> [Records for the task]:
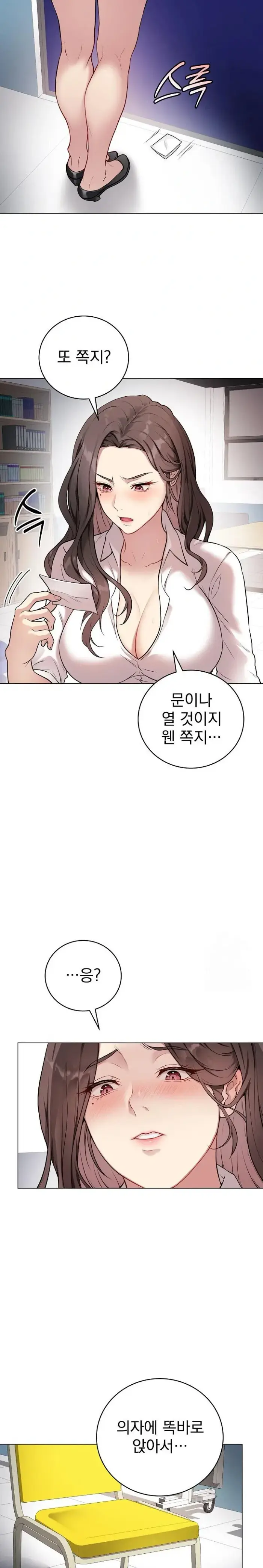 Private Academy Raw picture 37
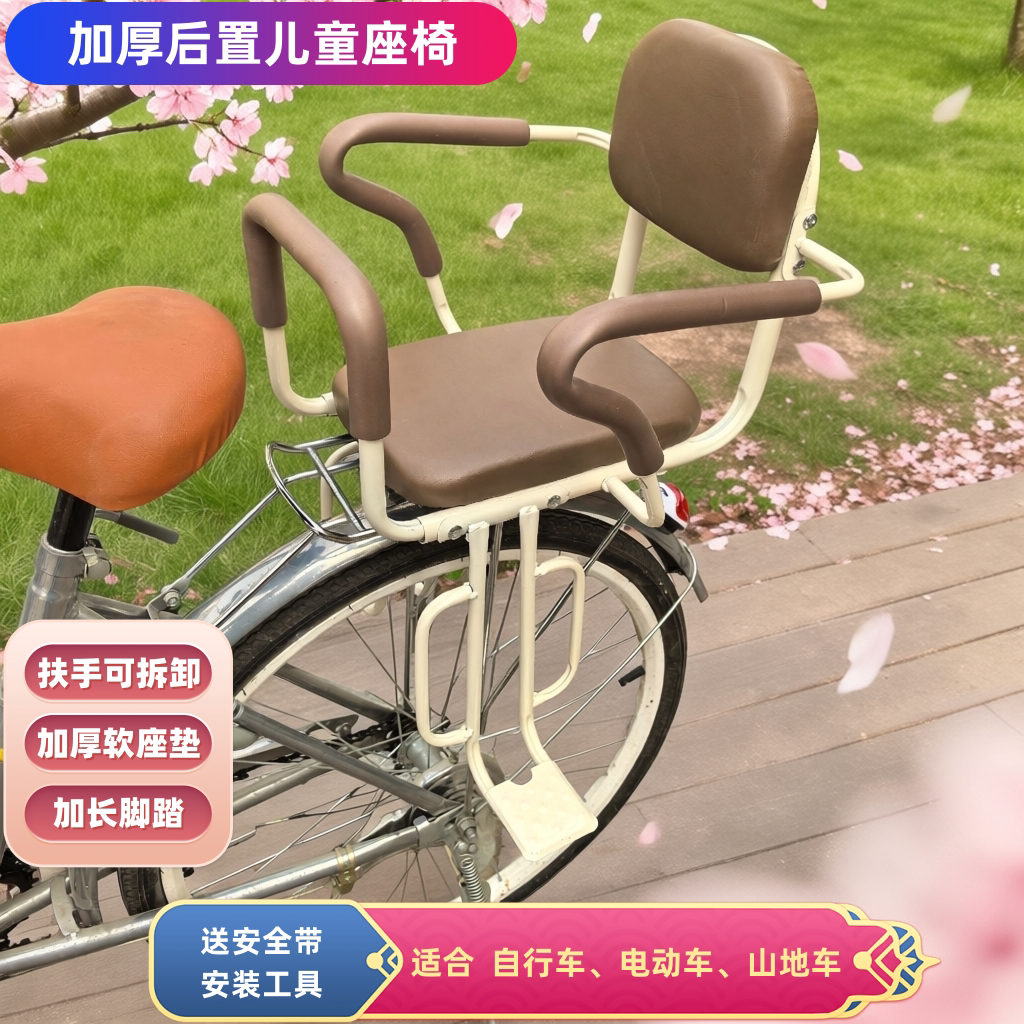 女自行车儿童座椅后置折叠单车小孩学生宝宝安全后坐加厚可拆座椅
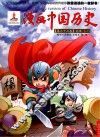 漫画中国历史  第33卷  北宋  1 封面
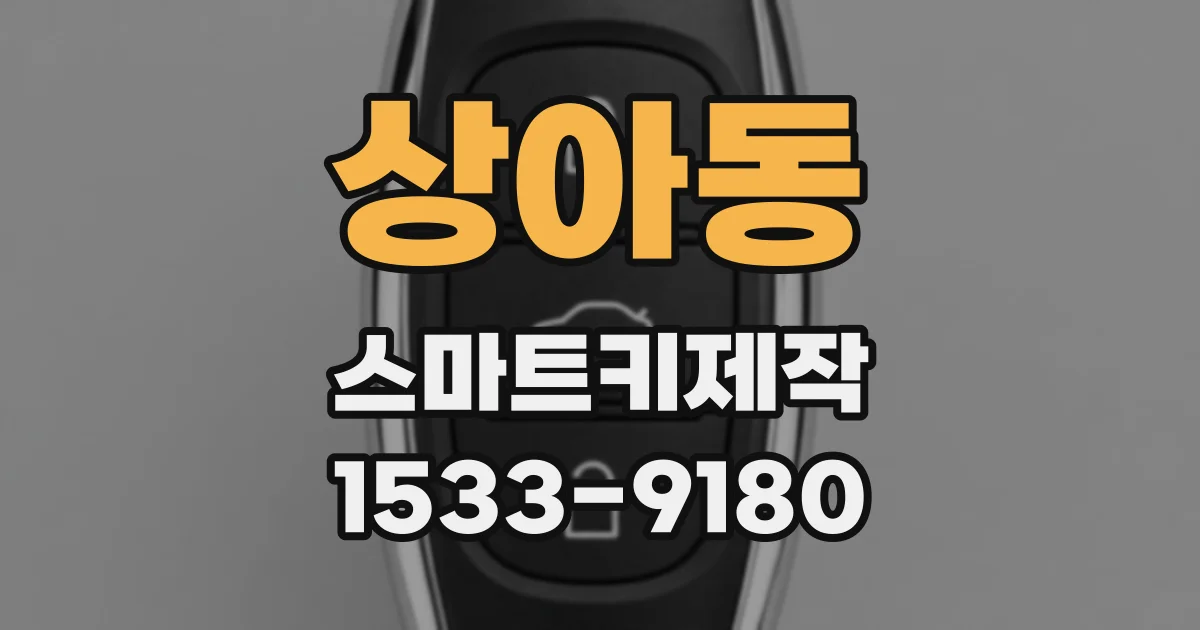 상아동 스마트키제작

==

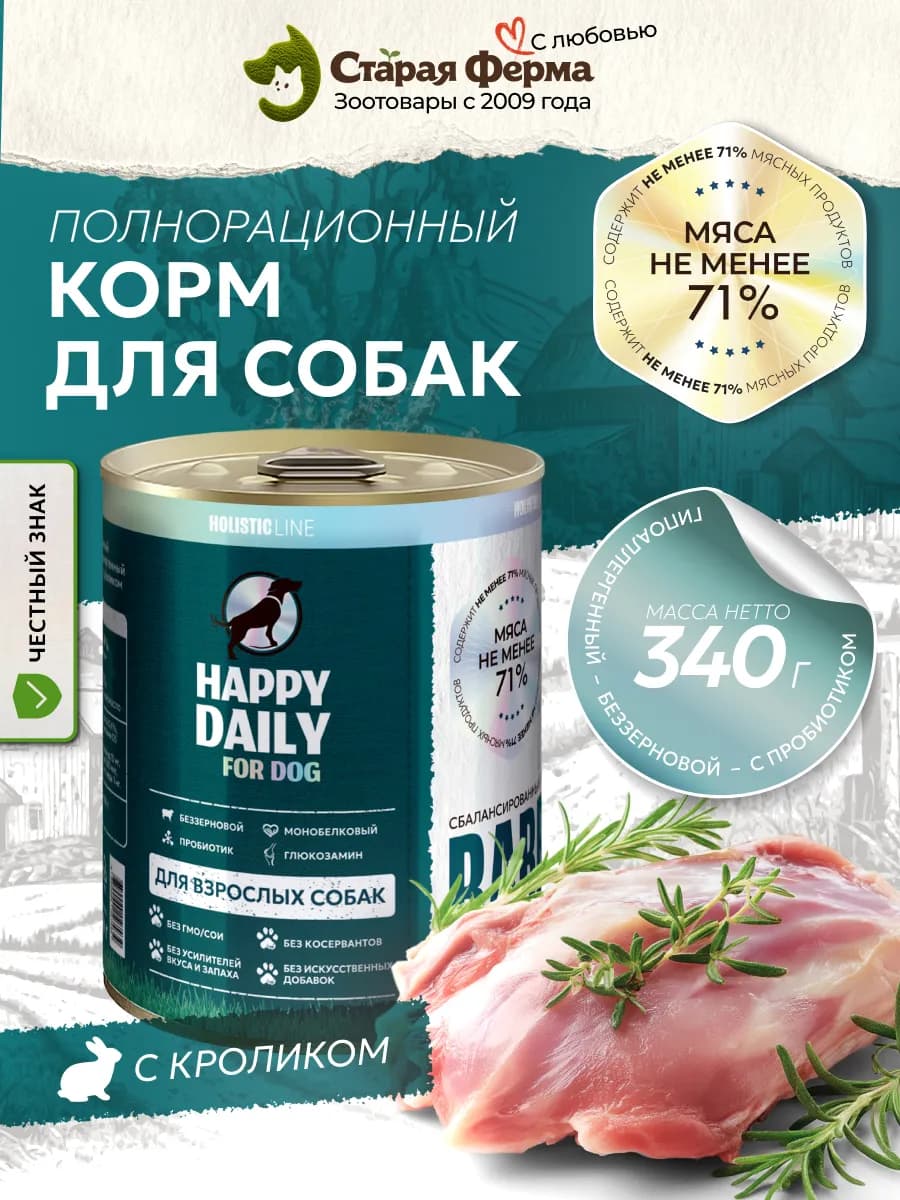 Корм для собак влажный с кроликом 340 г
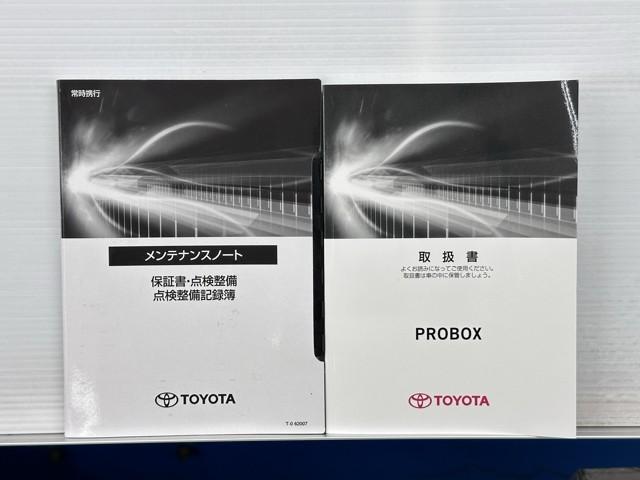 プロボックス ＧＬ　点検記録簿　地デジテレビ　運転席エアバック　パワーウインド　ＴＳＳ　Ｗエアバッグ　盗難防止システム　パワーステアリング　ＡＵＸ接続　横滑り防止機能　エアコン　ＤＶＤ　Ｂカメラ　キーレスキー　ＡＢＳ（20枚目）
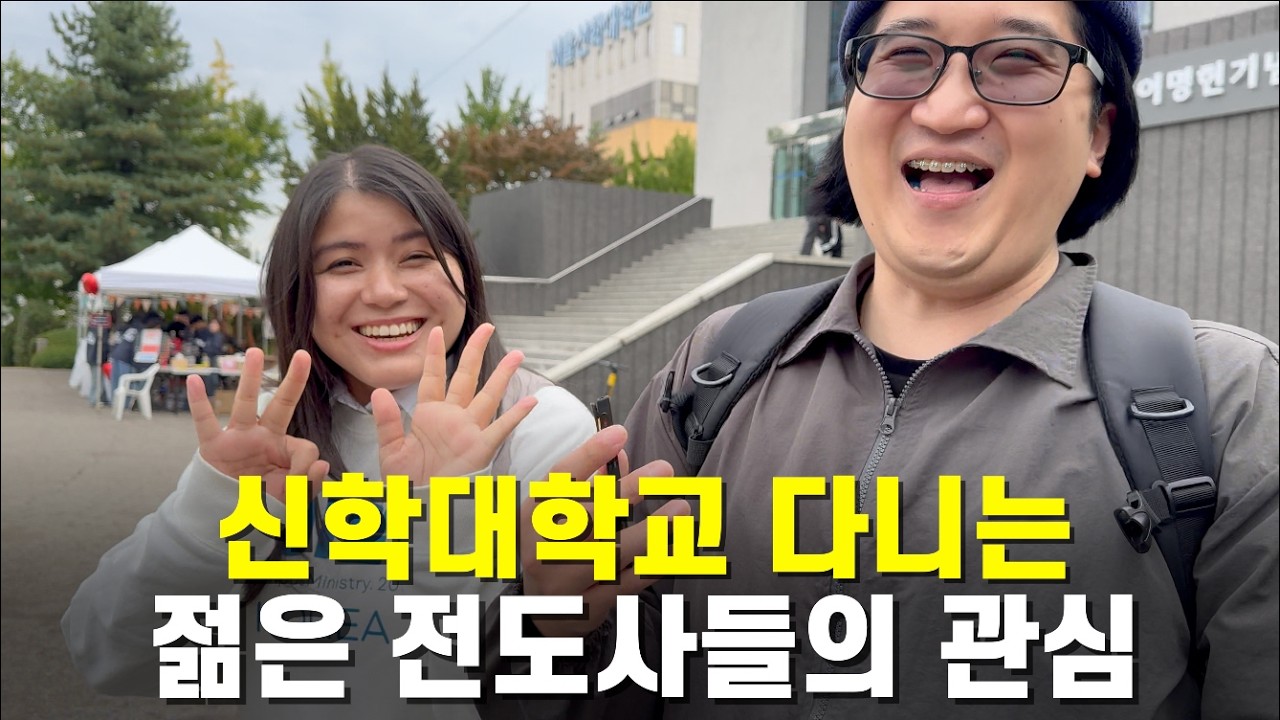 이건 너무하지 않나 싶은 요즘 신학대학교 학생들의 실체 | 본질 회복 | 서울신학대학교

--

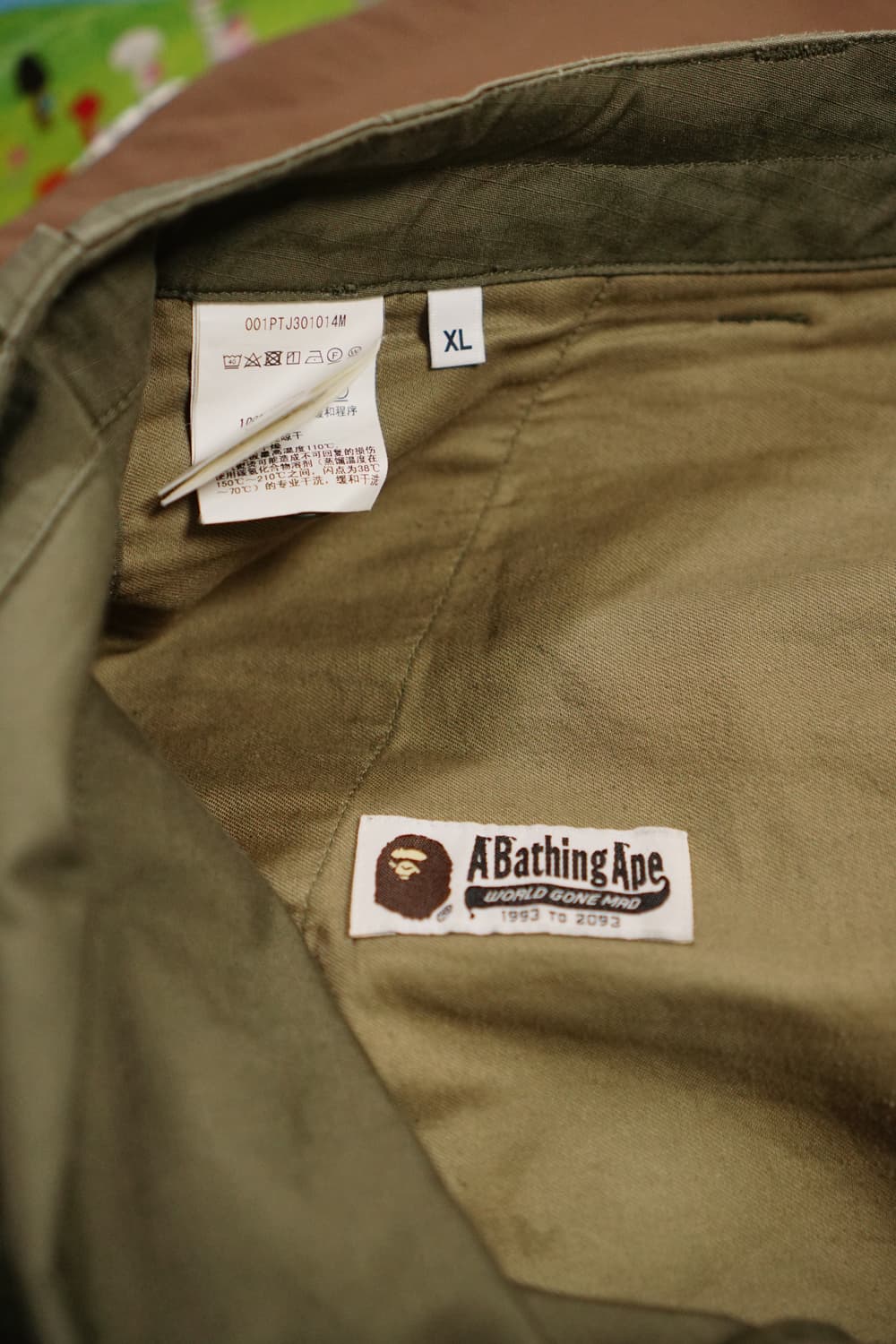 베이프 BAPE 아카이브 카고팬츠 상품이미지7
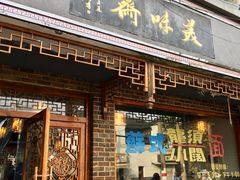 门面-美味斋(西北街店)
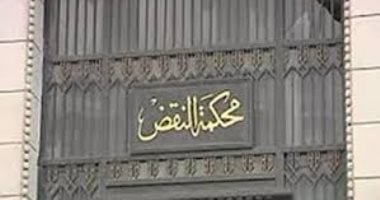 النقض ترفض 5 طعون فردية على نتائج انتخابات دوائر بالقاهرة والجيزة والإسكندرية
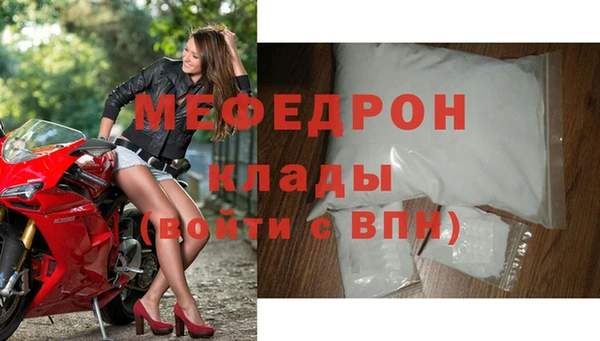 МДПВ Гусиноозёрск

> [Instructions for the task]: Everything between and including the line above containing "プロボックス ＧＬ　点検記録" and the line containing "이건 너무하지 않나 싶은" should be reproduced exactly, with pictures excluded.

> [Result for this exercise]:
 プロボックス ＧＬ　点検記録簿　地デジテレビ　運転席エアバック　パワーウインド　ＴＳＳ　Ｗエアバッグ　盗難防止システム　パワーステアリング　ＡＵＸ接続　横滑り防止機能　エアコン　ＤＶＤ　Ｂカメラ　キーレスキー　ＡＢＳ（20枚目）
 이건 너무하지 않나 싶은 요즘 신학대학교 학생들의 실체 | 본질 회복 | 서울신학대학교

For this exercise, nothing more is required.